Take for example $\omega=\mathrm dz/z$ on the Riemann sphere $\mathbf P^1$. What this means, by the way, is that I define $\omega$ in local coordinates on the chart $\mathbf P^1-\{\infty\}$ by $\omega=\mathrm dz/z$. Because of the isolated zeroes theorem, there is at most one form on $\mathbf P^1$ that coincides with $\mathrm dz/z$ on $\mathbf P^1-\{\infty\}$. To see that there is indeed such a form, you have to check that when you make a change of coordinates in $\mathrm dz/z$ to work in a chart around $\infty$, what you get is meromorphic. I choose the chart $\mathbf P^1-\{0\}$ with coordinate $w=1/z$; in that chart, the form is written $\omega=-\mathrm dw/w$ because $\mathrm dz=-\mathrm dw/w^2$. As you can see, $\mathrm{Res}_0(\omega)=1$ and $\mathrm{Res}_\infty(\omega)=-1$, so their sum is $0$.

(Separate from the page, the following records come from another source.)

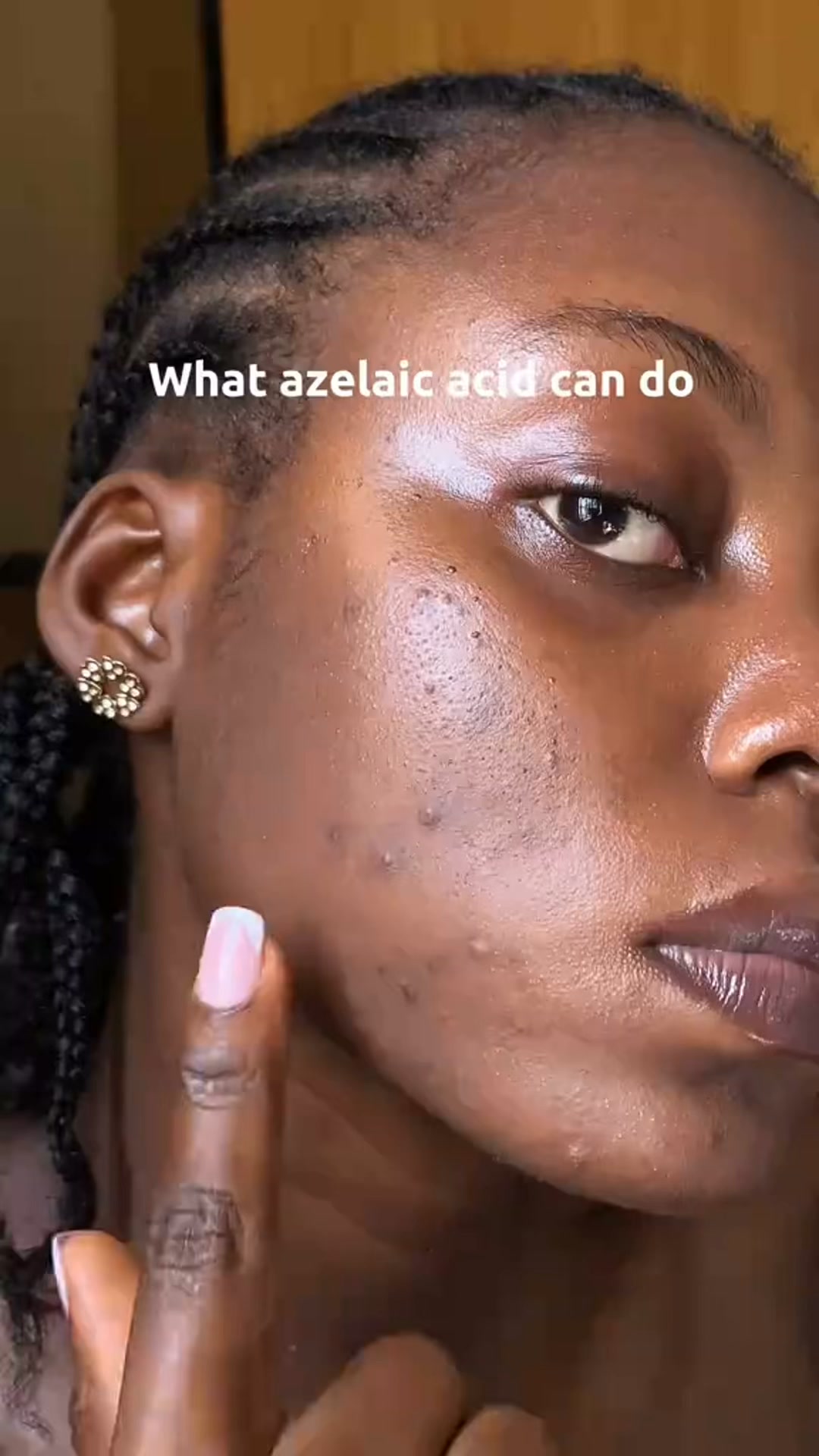 Calmer, Clearer-Looking Skin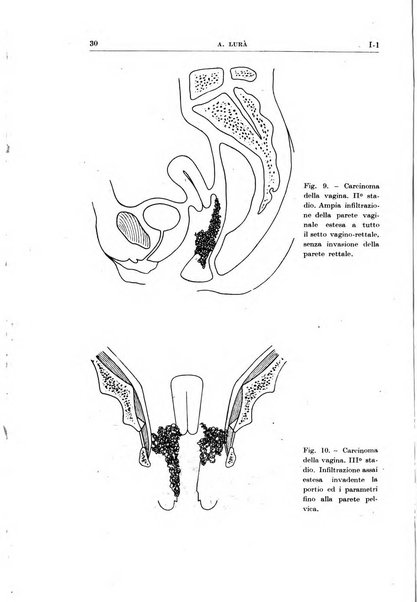 Radioterapia, radiobiologia e fisica medica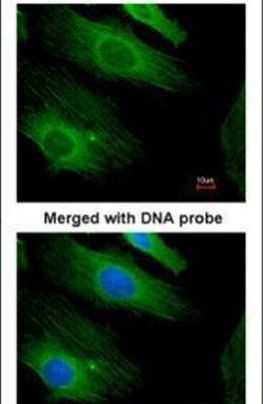 H-Ras Antibody in Immunocytochemistry (ICC/IF)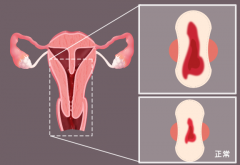 女性健康：月经少且发黑，原因及调理方法全解析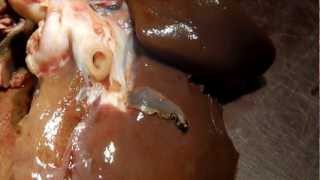 Disease clip - Liver fluke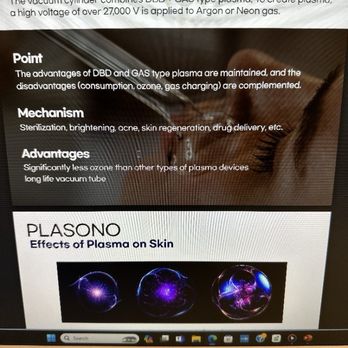 Irene's Skintopia - Look at these wands and look at NuDerma high frequency wands - Skin Care Near Me - Los Angeles, California Irene's Skintopia - Look at these wands and look at NuDerma high frequency wands - Skin Care Near Me - Los Angeles, California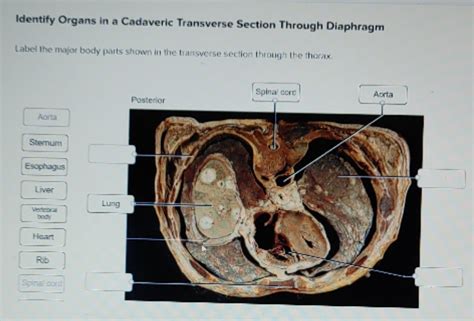 Solved Label The Major Body Parts Shown In The Transverse Section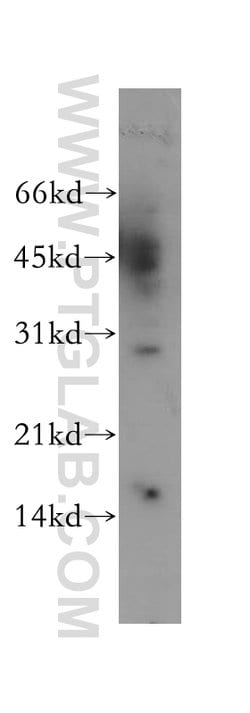 YIPF5 Rabbit anti-Human, Mouse, Rat, Polyclonal, Proteintech:Antibodies:Primary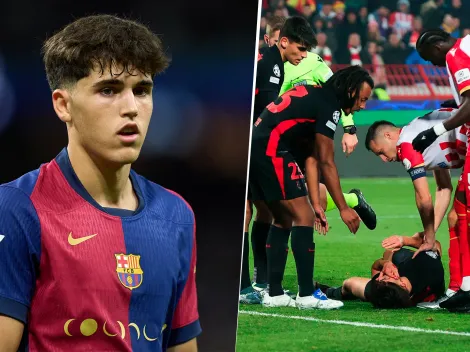 ¡Impresionante! Así quedó Pau Cubarsí tras su corte en la cara en la UEFA Champions League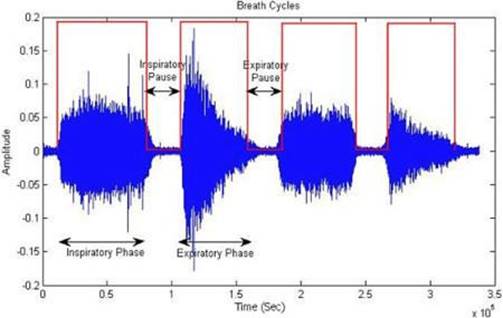 Segmentaci&oacute;n de la se&ntilde;al ac&uacute;stica de la respiraci&oacute;n usando VAD26.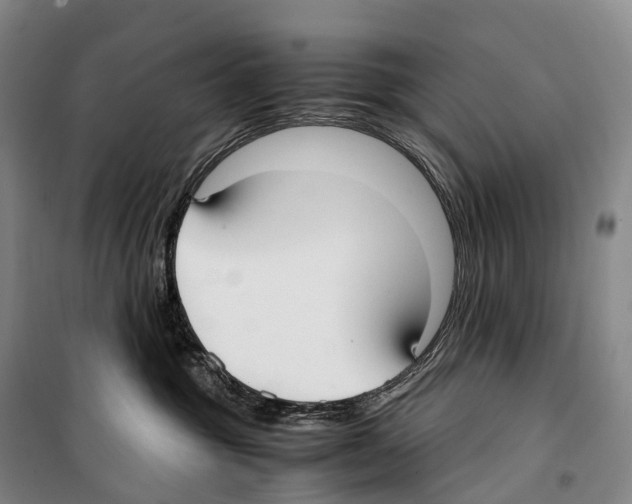 X0000099400381200806051213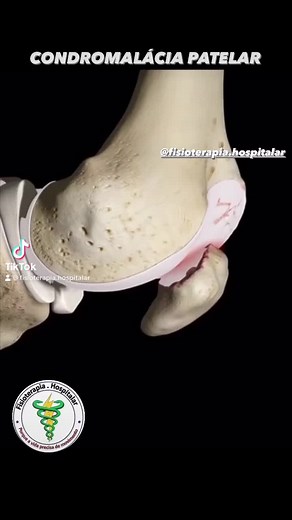 Condromalácia Patelar: Causas, Sintomas e Tratamento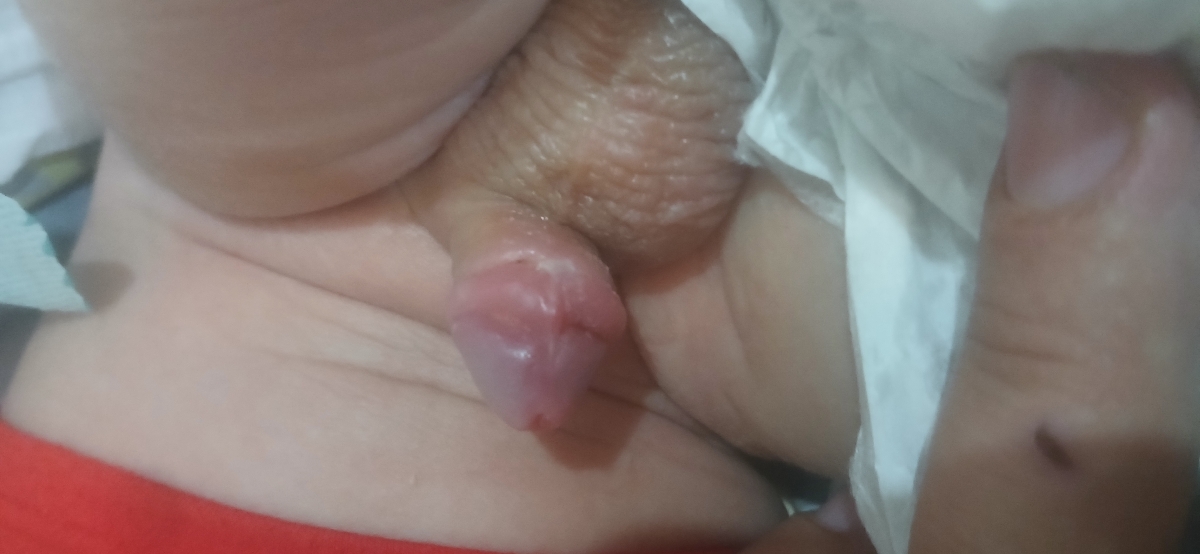 ختنه پسرم همراه عکس ختنه پسرم همراه عکس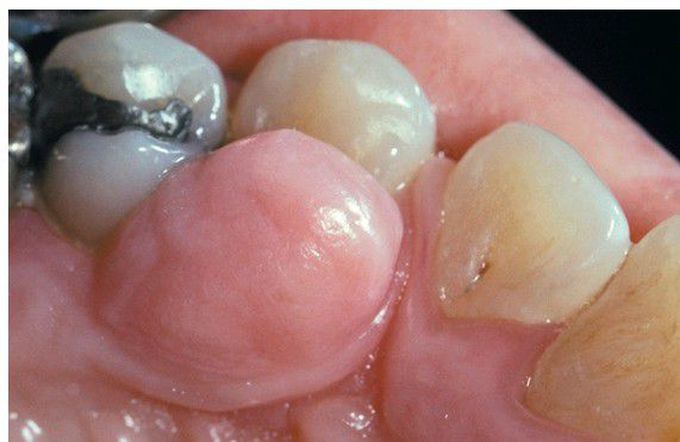 Fibroma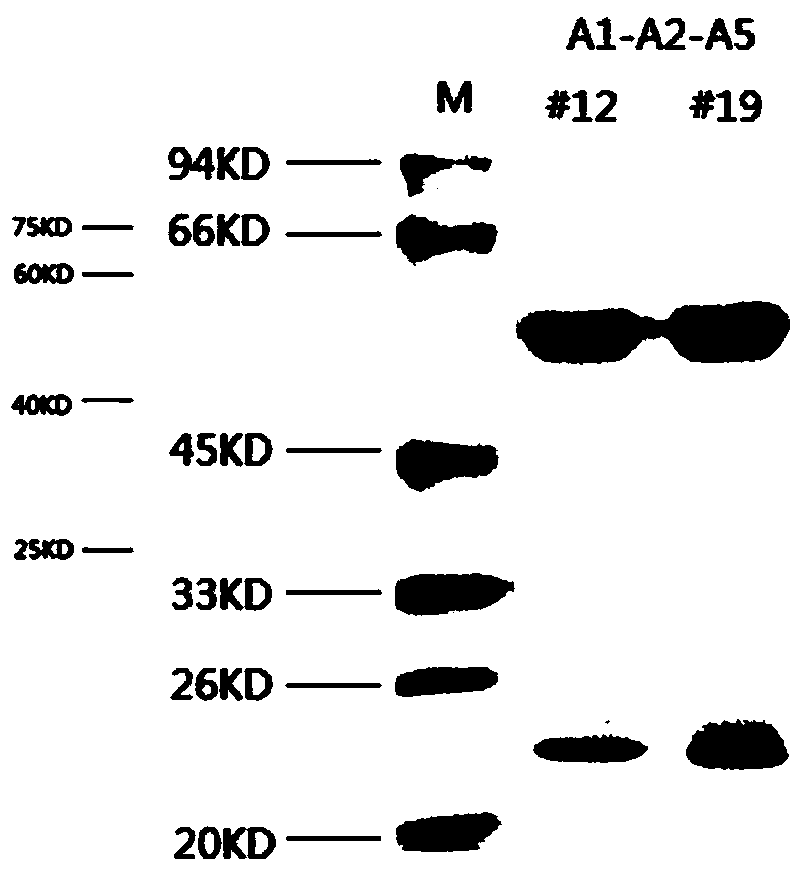 Hybridoma cell strain and anti-Wnt5a monoclonal antibody produced thereby as well as application thereof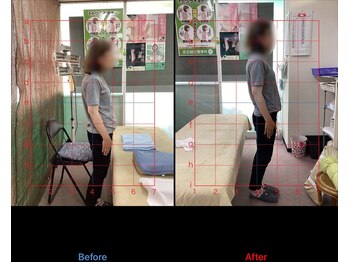 高芝鍼灸整骨院/姿勢矯正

Now, in general, take a compact Riemann surface $X$ and a meromorphic 1-form $\omega$ on $X$ with poles $p_1,\ldots,p_n$. Around each $p_i$, consider a small simple loop $\gamma_i$, and denote by $U_i$ the interior of the loop. Let $X'$ be the complement of $\bigcup_{i=1}^n U_i$ in $X$. The sum of the residues is
\begin{align}
\sum_{i=1}^n \mathrm{Res}_{p_i}(\omega)
&= \frac1{2i\pi}\sum_{i=1}^n \int_{\gamma_i}\omega\\
&= \frac1{2i\pi}\int_\gamma\omega
\end{align}
where $\gamma$ is the chain $\gamma_1+\cdots+\gamma_n$. Notice that the boundary of $X'$ is precisely $-\gamma$, so by Stokes' theorem you get
$$ \sum_{i=1}^n \mathrm{Res}_{p_i}(\omega)
= -\frac1{2i\pi}\iint_{X'}\mathrm d\omega.
$$
But $X'$ stays far away from the poles of $\omega$, so $\omega$ is holomorphic on a neighborhood of $X'$, hence $\mathrm d\omega=0$ on $X'$.